Er is een andere leer die stelt dat er noch een God noch een “Duivel” is en dat het allemaal bijgeloof is. Sommigen die dit geloven zijn belijdende atheïsten en evolutionisten. Zij beweren dat de mens de hoogste orde in de schepping is en dat er geen gedachten of dingen zijn boven de mens.
De derde leer over de duivel betreft een pantheon van godsdiensten (gewoonlijk andere dan de christelijke), over de gehele wereld, die “de duivel” zoveel “verschuldigd” zijn, dat zij duivelaanbidders worden. Hij is hun god geworden. Zij betonen hem hulde en “verschuldigd” in die mate dat hij de plaats van God in hun godsdienst heeft ingenomen. Hoewel sommigen beweren God als de machtigste te erkennen, schijnen zij te denken dat, aangezien God welwillend en barmhartig is, en “de Duivel” kwaadwillig of slecht, zij beter “de Duivel” kunnen aanbidden en gunstig stemmen, zodat zij aan het langste eind zullen trekken.
U denkt waarschijnlijk dat de heidenen degenen zijn die “de duivel” aanbidden, en dat het zeker geen christenen kunnen zijn. Misschien zal een klein verhaal illustreren hoe belijdende christenen “de duivel” meer “recht” kunnen geven dan zij zouden moeten.
Sommigen van jullie hebben misschien het verhaal gehoord van Michael O’Leary. Hij had een leven geleid van drinken en zuipen, en tenslotte werd hij ernstig ziek. Hij dacht dat hij stervende was en riep de hulp in van een priester. De priester kwam en na een tijdje met Mike te hebben gepraat, zei hij tegen hem dat hij moest beloven dat hij, als hij deze situatie zou overleven, zich zou afkeren van zijn slechte gewoonten en een leven zou leiden waarin hij de mensheid zou dienen. Mike deed die belofte, maar de priester had een iets verder idee – hij zei tegen Mike: “Mike, je hebt een zondig leven geleid en je bent de dood nabij. Zeker, je bent al vele jaren in dienst van de duivel. Denk je niet dat je je moet uitspreken en de duivel vrijmoedig moet veroordelen? Zeg hem dat hij weg is en dat je hem nooit meer wilt zien of van hem wilt horen.” Mike keek op van zijn bed naar de priester en zei: “Nou, geloof en begora, pater, u hebt zojuist toegegeven dat ik er vreselijk slecht aan toe ben. Denkt u dat het zin heeft dat ik op dit moment het risico loop iemand tegen me in het harnas te jagen?”

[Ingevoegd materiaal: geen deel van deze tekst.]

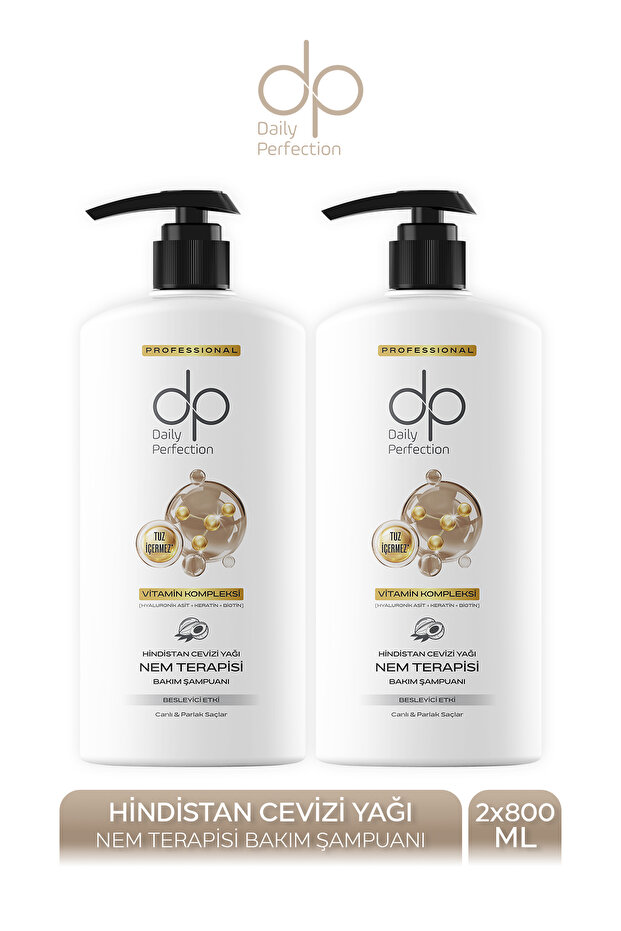Shampoo Coconut Oil 800 ml X 2 Pieces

Mensen krijgen daar meestal een lachje van. Echter, veel Christenen (zoals Mike) zijn “de duivel” zoveel “verschuldigd” dat ze meer tijd besteden aan het zich zorgen maken over wat “de duivel” hen, hun familie of andere mensen zou kunnen aandoen, dan dat ze zich zorgen maken over hoe God bezig is, of, misschien, zelfs wat ze zouden moeten doen. We zullen zien, als we verder gaan, dat sommige mensen (zoals Mike) “de duivel” een beetje meer “geven” dan hem toekomt.

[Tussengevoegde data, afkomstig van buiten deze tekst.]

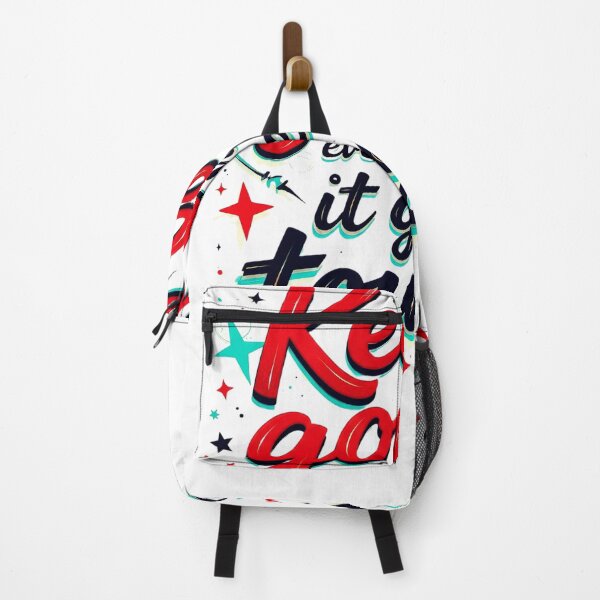 Item preview, Keep Going Even When It Gets Tough - Retro Motivational Typography designed and sold by Serjames.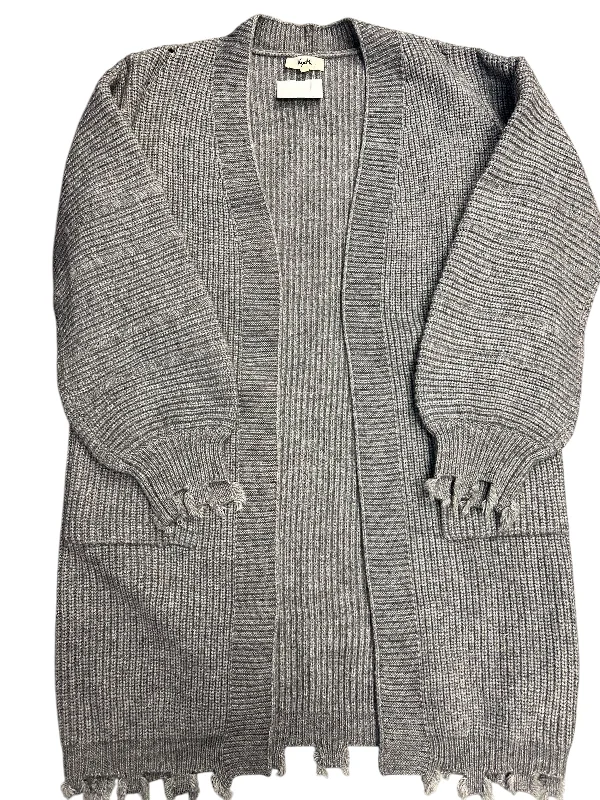 Women's Fine Gauge SweatersSweater Cardigan By Cmc In Grey, Size: S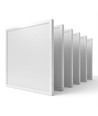 6x LED-panelen 60x60 in frame - Hoogte:28mm, 40W, voor directe montage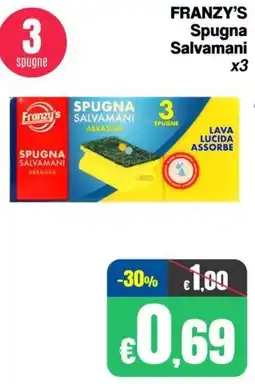 Franzy's FRANZY'S Spugna Salvamani offerta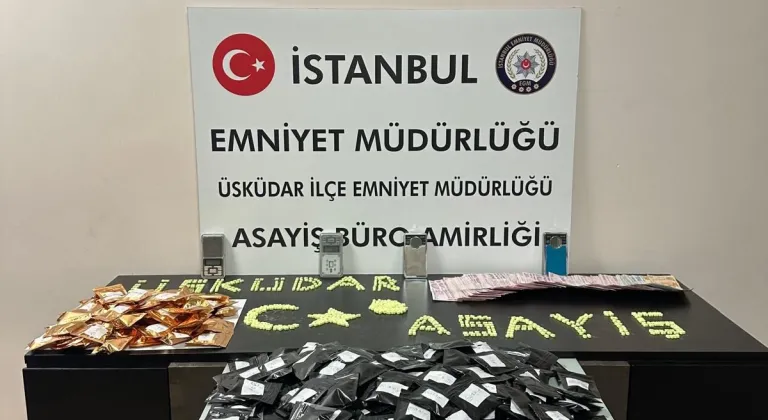 Üsküdar'da uyuşturucu madde ticareti yaptığı belirlenen şüpheli tutuklandı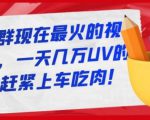 淘宝店群现在最火的视频玩法，一天几万UV的玩法，赶紧上车吃肉-如意资源库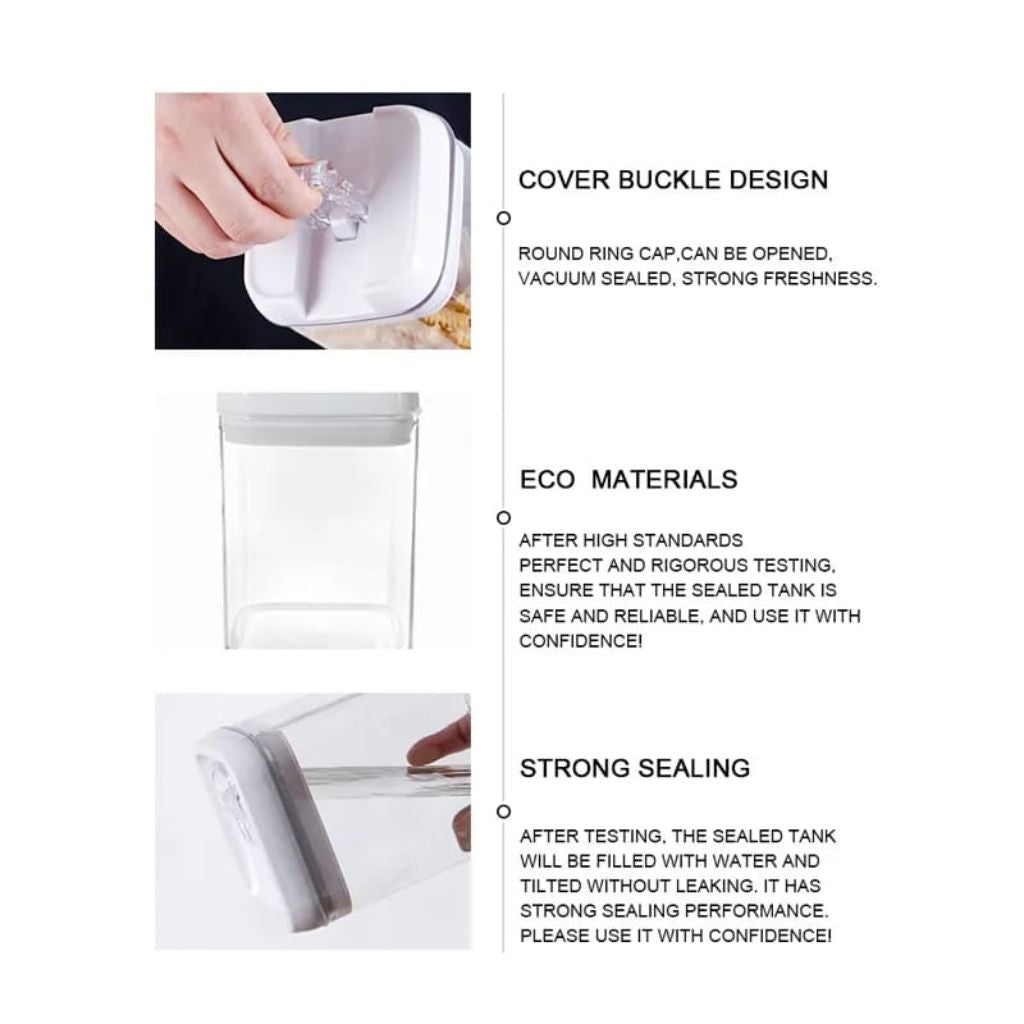 Acrylic Airtight Storage With Clip Lock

Beschrijving van de duivel in het Nieuwe Testament
Laten we eens kijken wat er gezegd wordt over “de duivel” in het Nieuwe Testament. In hoofdstuk vier van Efeziërs, spoort Paulus de gelovigen aan tot goed gedrag:
“Als gevangene in de Here, vermaan ik u dan te wandelen waardig der roeping, waarmede gij geroepen zijt,” Efeziërs 4:1
Paulus geeft vervolgens enkele voorbeelden van wat de gelovigen moeten doen:
“Legt daarom de leugen af en spreekt waarheid, ieder met zijn naaste, omdat wij leden zijn van elkander. Geraakt gij in toorn, zondigt dan niet: de zon mag niet over een opwelling van uw toorn ondergaan; en geeft de duivel geen voet. Wie een dief was, stele niet meer, maar spanne zich liever in om met zijn handen goed werk te verrichten, opdat hij iets kan mededelen aan de behoeftige.” Efeziërs 4:25-28
Onder de vermaningen om goed te doen en zich van het kwade af te keren, was ook: “Geef de duivel geen plaats.”

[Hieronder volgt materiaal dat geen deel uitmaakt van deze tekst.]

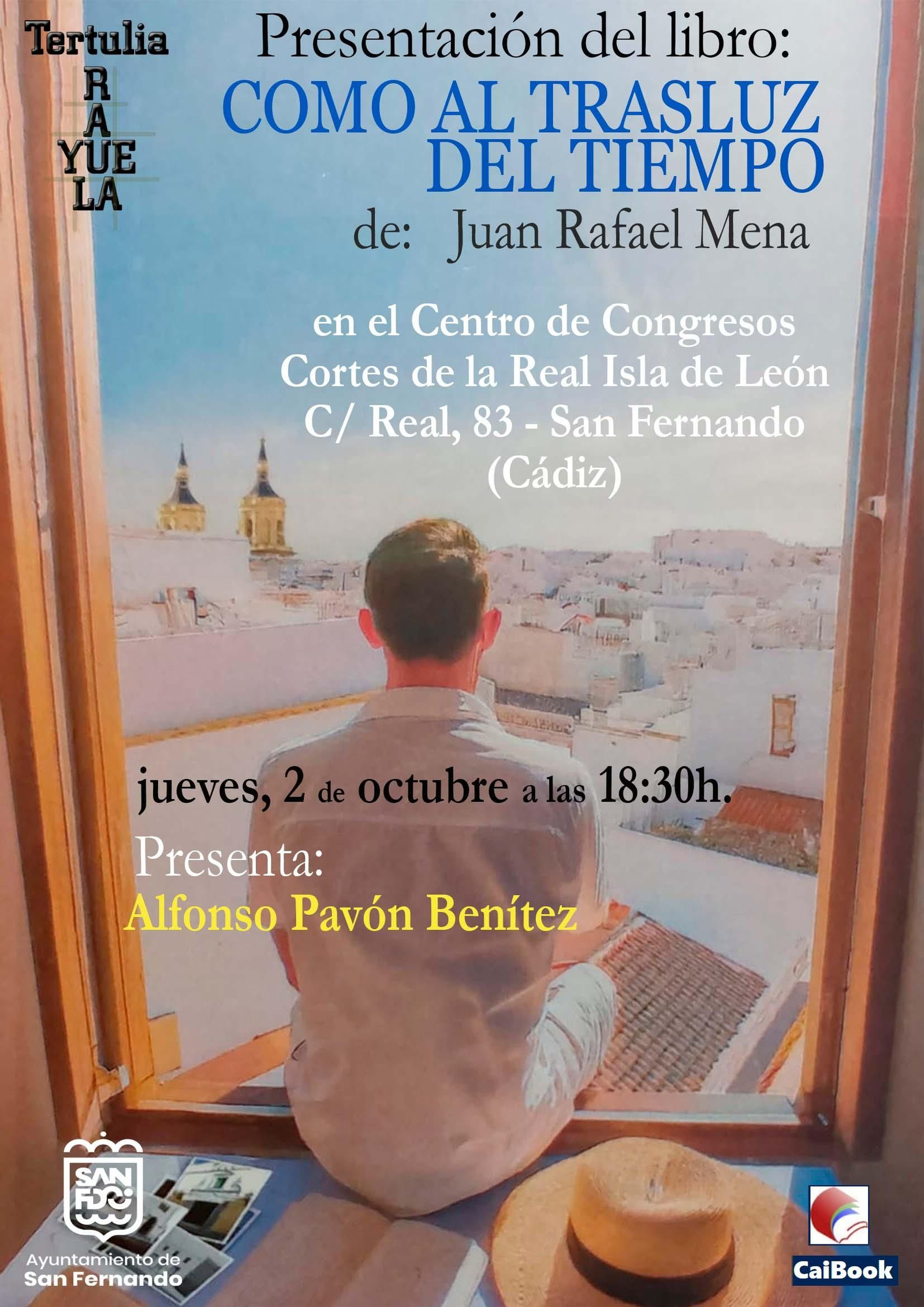 Presentacion del libro 'Como al trasluz del tiempo' en San Fernando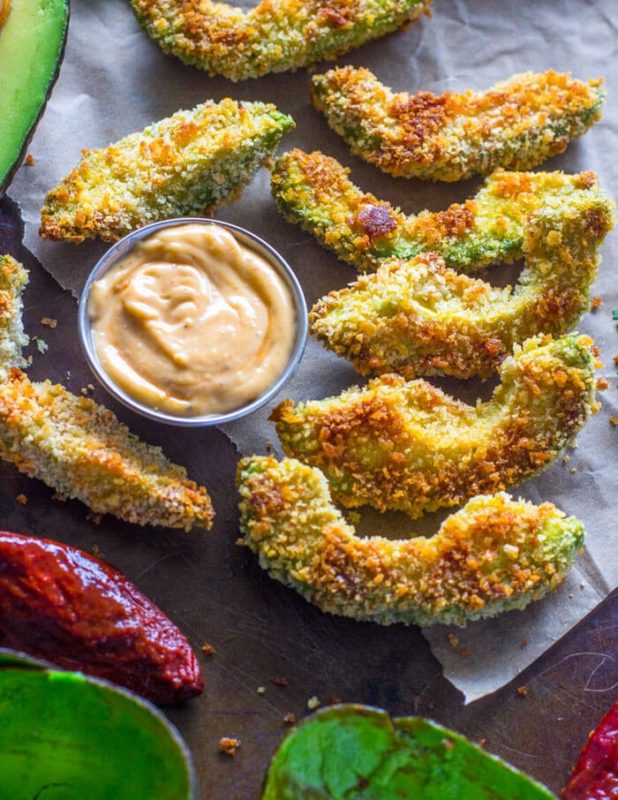 Healthy Baked Avocado Fries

Hoofdstuk zes van Efeziërs is dat grote hoofdstuk over de hele wapenrusting van God:
“Voorts, weest krachtig in de Here en in de sterkte zijner macht. Doet de wapenrusting Gods aan, om te kunnen standhouden tegen de verleidingen des duivels; want wij hebben niet te worstelen tegen bloed en vlees, maar tegen de overheden, tegen de machten, tegen de wereldbeheersers dezer duisternis, tegen de boze geesten in de hemelse gewesten. Neemt daarom de wapenrusting Gods, om weerstand te kunnen bieden in de boze dag en om, uw taak geheel vervuld hebbende, stand te houden.” Efeziërs 6:10-13
Paulus noemt vervolgens de verschillende onderdelen van die wapenrusting: het Woord en de Geest en, natuurlijk, Gods hulp en bescherming. Deze zijn allemaal nodig om de listen van de duivel te weerstaan.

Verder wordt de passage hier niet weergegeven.